Born in California’s Nevada County on April 2, 1870, William Prisk was the second son of English immigrants who were lured to the West by the promise of a better life.
When he was 10 years old, he went to work as a newspaperboy for the Grass Valley Tidings. Later, while still attending school, he served as a printer’s apprentice. In time, he became a reporter and performed general duties.
Prisk graduated from Grass Valley High School when he was 17 and, before a year passed, he became publisher of his first newspaper, in partnership with Rufus Shoemaker. Their newspaper, the Evening Telegraph, made its first appearance in Grass Valley on Feb. 23, 1889. Prisk was typesetter, reporter and business manager.
After selling his interest in the paper about two years later, Prisk went to San Francisco and worked as a market reporter. He later acquired a half-interest in the Fresno Review, subsequently disposing of his share and accepting notes in payment for the undercapitalized publication.
He next spent a brief stint as a reporter for the Sacramento Union and covered the state assembly.
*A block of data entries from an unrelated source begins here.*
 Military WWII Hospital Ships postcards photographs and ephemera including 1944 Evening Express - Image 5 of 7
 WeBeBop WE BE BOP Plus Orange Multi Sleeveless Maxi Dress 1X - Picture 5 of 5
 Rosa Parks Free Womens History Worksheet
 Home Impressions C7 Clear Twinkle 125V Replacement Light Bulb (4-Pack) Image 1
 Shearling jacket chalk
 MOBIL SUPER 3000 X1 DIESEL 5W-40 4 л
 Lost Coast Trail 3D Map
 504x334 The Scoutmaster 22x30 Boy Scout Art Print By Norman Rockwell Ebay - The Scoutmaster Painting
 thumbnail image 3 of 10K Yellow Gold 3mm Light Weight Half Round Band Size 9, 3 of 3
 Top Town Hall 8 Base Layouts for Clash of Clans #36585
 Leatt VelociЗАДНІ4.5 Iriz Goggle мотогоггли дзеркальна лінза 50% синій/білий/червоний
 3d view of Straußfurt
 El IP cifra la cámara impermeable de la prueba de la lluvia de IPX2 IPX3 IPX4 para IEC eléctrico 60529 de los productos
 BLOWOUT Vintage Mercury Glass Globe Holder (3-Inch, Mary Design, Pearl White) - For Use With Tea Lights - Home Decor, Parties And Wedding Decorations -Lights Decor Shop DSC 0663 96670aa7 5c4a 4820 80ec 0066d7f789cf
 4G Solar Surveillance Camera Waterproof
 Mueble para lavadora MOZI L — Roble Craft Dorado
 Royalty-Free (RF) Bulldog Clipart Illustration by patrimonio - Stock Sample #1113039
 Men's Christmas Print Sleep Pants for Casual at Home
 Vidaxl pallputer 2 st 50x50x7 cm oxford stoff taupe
On June 13, 1893, he became editor and publisher of the Grass Valley Union after borrowing most of the money for the purchase. Under Prisk’s guidance, The Union became the first “country” newspaper in the state to receive Associated Press service.
In 1897, Prisk was elected to the state senate and at the age of 27 was the youngest member to the Legislature. State politics were not to Prisk’s tastes, however, and he declined to stand for re-election.
In 1906, feeling that the southern part of the state had a great future, Prisk and younger brother Charles purchased the Pasadena Star. Charles stayed in Pasadena while William moved on to Long Beach. In 1916, the Star merged with the News to become The Star-News.
William H. Hosking, who had been associated with Prisk in Grass Valley, joined him in the Long Beach enterprise and, in 1924, The Press merged with The Daily Telegram to become the Long Beach Press-Telegram.
Prisk’s intense drive to make Long Beach into one of the great cities on the West Coast made him a vigorous champion of harbor development.
For 40 years, his typewriter poured forth a barrage of pleas for harbor improvement, and he lived to see the one-time flat transformed into one of the world’s most active ports and a base for the U.S. Navy.
Perhaps the outstanding characteristic of Prisk was his unswerving loyalty to his friends or to any cause he felt to be right. It mattered not to him if a good public servant had temporarily lost popularity. W.F. would back him more vigorously than ever, saying, “He has been an honest, capable public servant and deserves our support.”
A fellow publisher, Carson Taylor of the Manilla Times, recalls that in 1920 he stood with Prisk on top of Signal Hill. With a sweeping gesture of his arm, Prisk looked from the bay toward Lakewood and said, “Some day you will see one million people living in the range of our vision.” He lived to see that prophecy fulfilled.
Certain of the population growth, Prisk worked for the Metropolitan Water District plan when it became a red-hot local issue. Largely through Frisk’s personal efforts, Long Beach became one of the original 13 cities in that enormous project that has pumped life into Southern California’s development.
Prisk, who died Dec. 21, 1962, served as editor-publisher of The Press-Telegram for 42 years, until the Ridder family purchased the newspaper in 1952. At the time of the sale, The Press-Telegram’s circulation had climbed to 100,000.
Few editors worked as hard as William F. Prisk to make their hometowns into an ideal community, but such was the goal of this gentleman who was long known as “Mr. Long Beach.”
From his desk at The Press-Telegram he looked back on 52 years of service to the city that he loved and which in turn loved him.